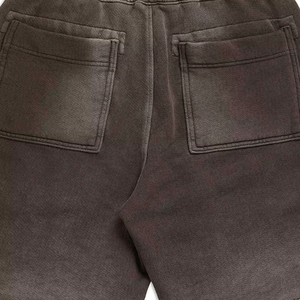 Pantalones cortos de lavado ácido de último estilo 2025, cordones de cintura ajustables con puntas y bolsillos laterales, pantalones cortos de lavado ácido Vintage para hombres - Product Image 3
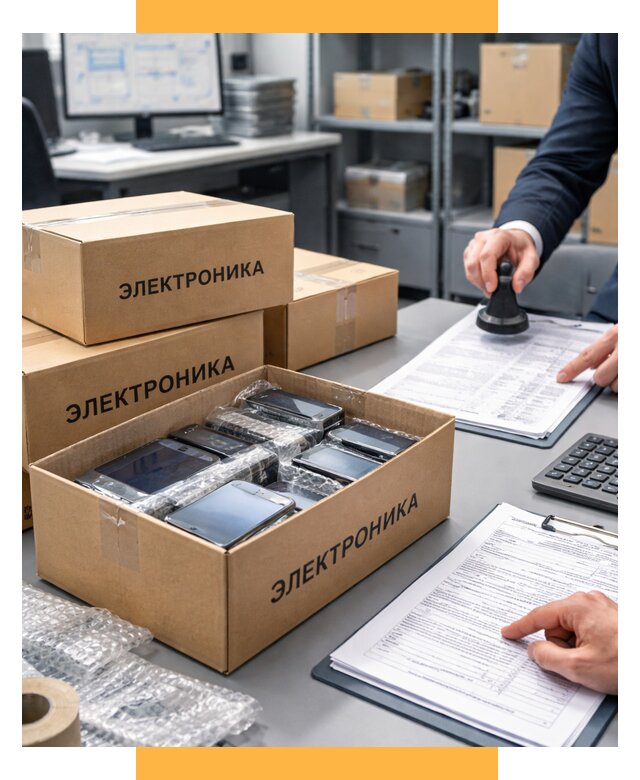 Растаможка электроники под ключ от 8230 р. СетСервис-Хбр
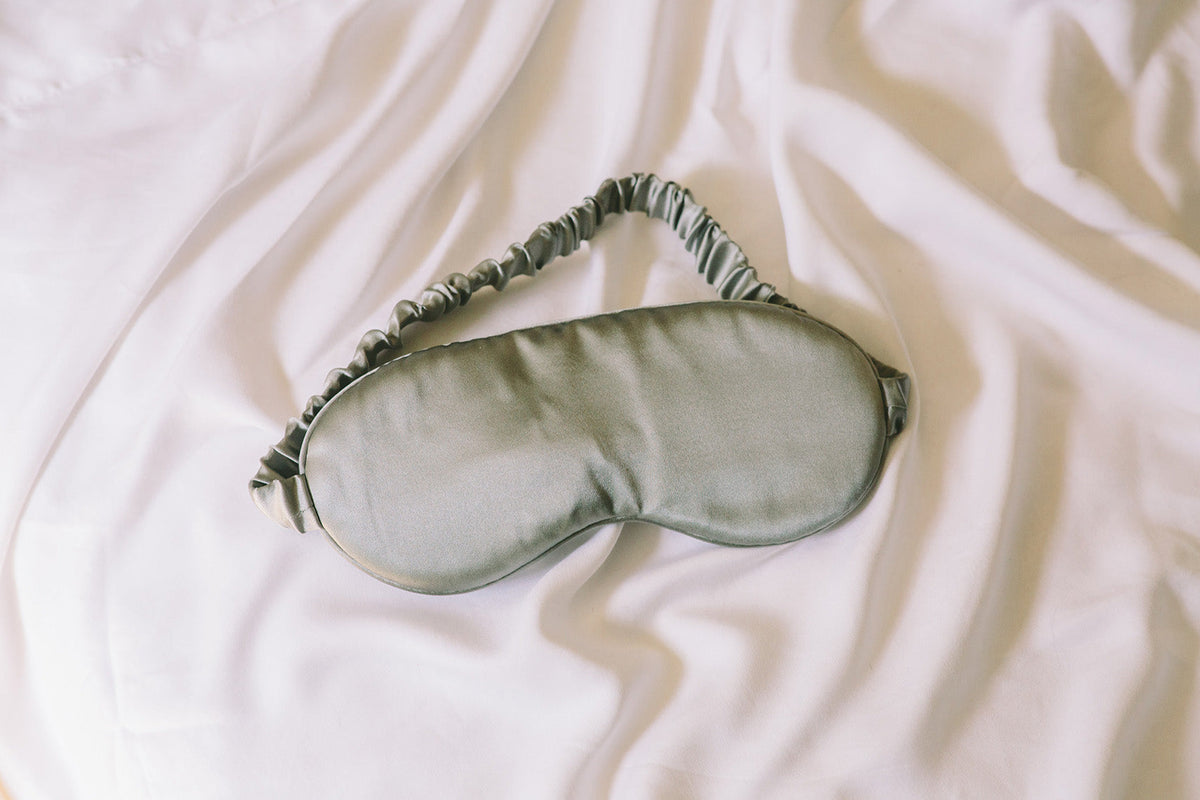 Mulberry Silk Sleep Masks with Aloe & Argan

==

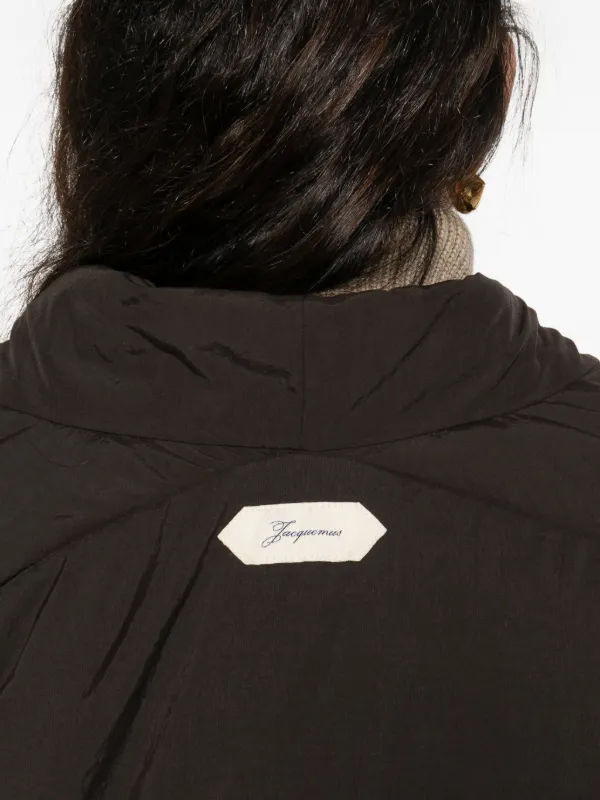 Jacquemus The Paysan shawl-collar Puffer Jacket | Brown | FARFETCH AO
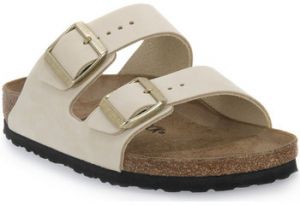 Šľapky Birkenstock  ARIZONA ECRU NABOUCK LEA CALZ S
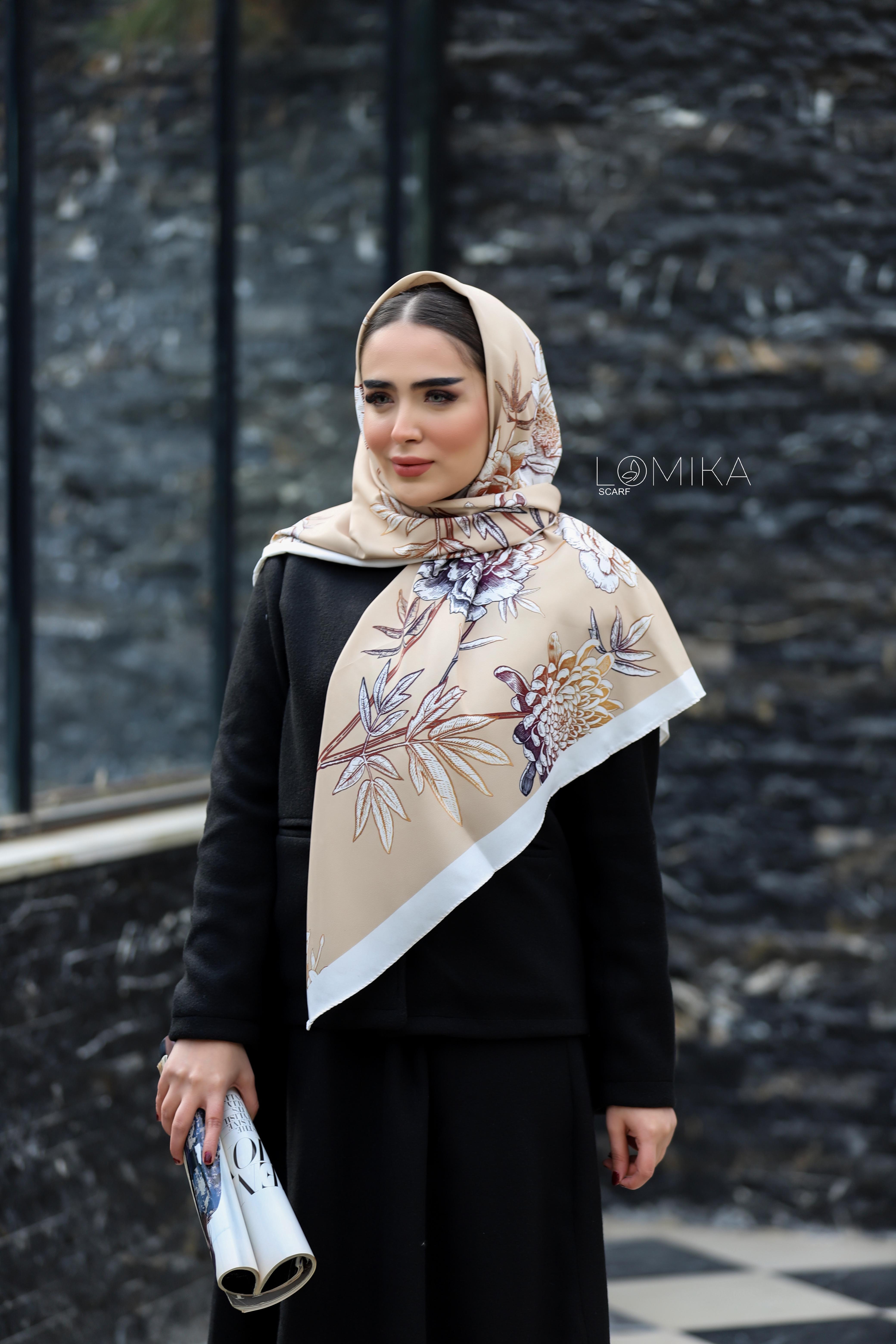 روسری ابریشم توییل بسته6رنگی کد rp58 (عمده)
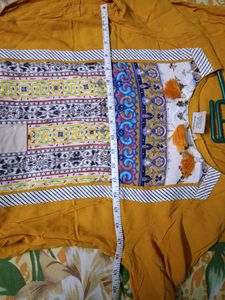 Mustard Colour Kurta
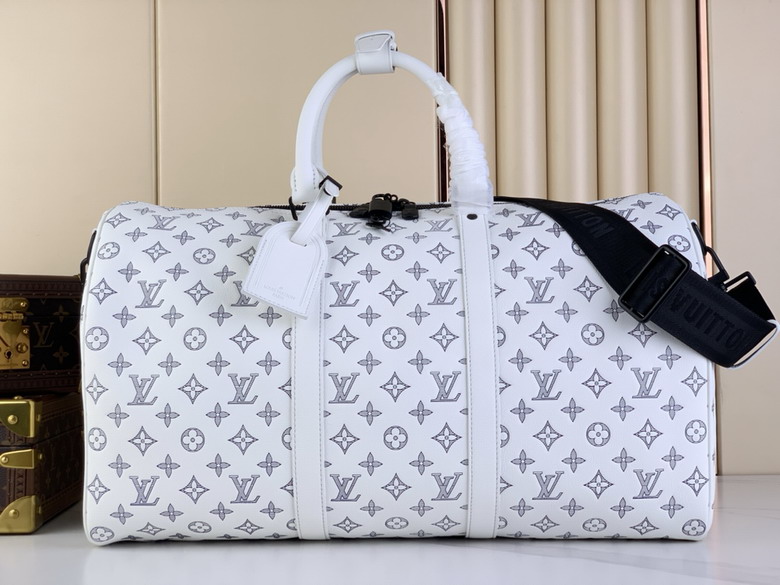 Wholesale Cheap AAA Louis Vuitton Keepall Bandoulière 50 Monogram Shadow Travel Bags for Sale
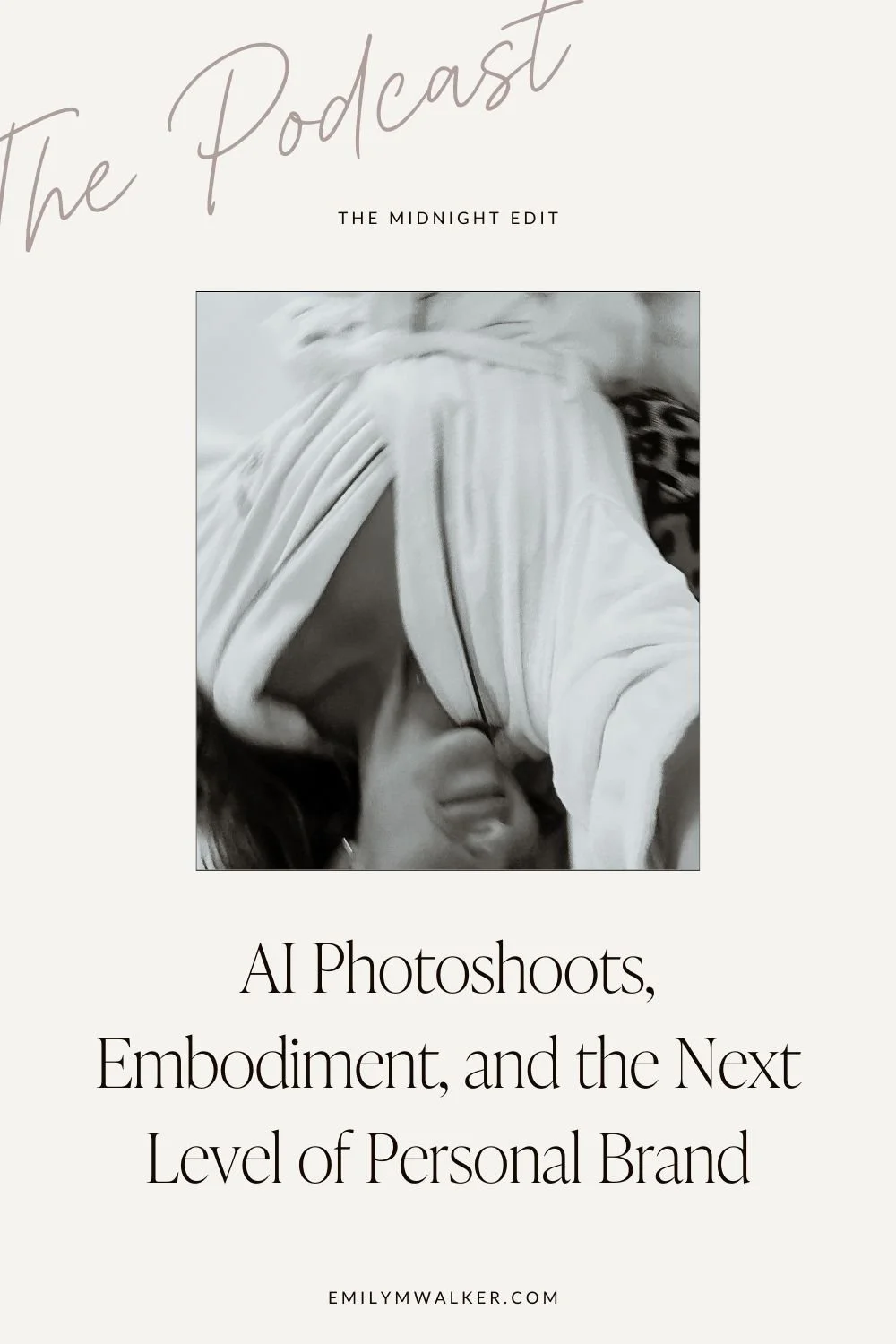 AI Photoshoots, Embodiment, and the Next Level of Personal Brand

PROBLEM TO SOLVE: Taking the entries above, extract every line from the one bearing "Mustard Colour Kurta" through the one bearing "AI Photoshoots, Embodiment, and", exactly, with no pictures.

RESPONSE TO THE TASK:
 Mustard Colour Kurta
 Wholesale Cheap AAA Louis Vuitton Keepall Bandoulière 50 Monogram Shadow Travel Bags for Sale
 AI Photoshoots, Embodiment, and the Next Level of Personal Brand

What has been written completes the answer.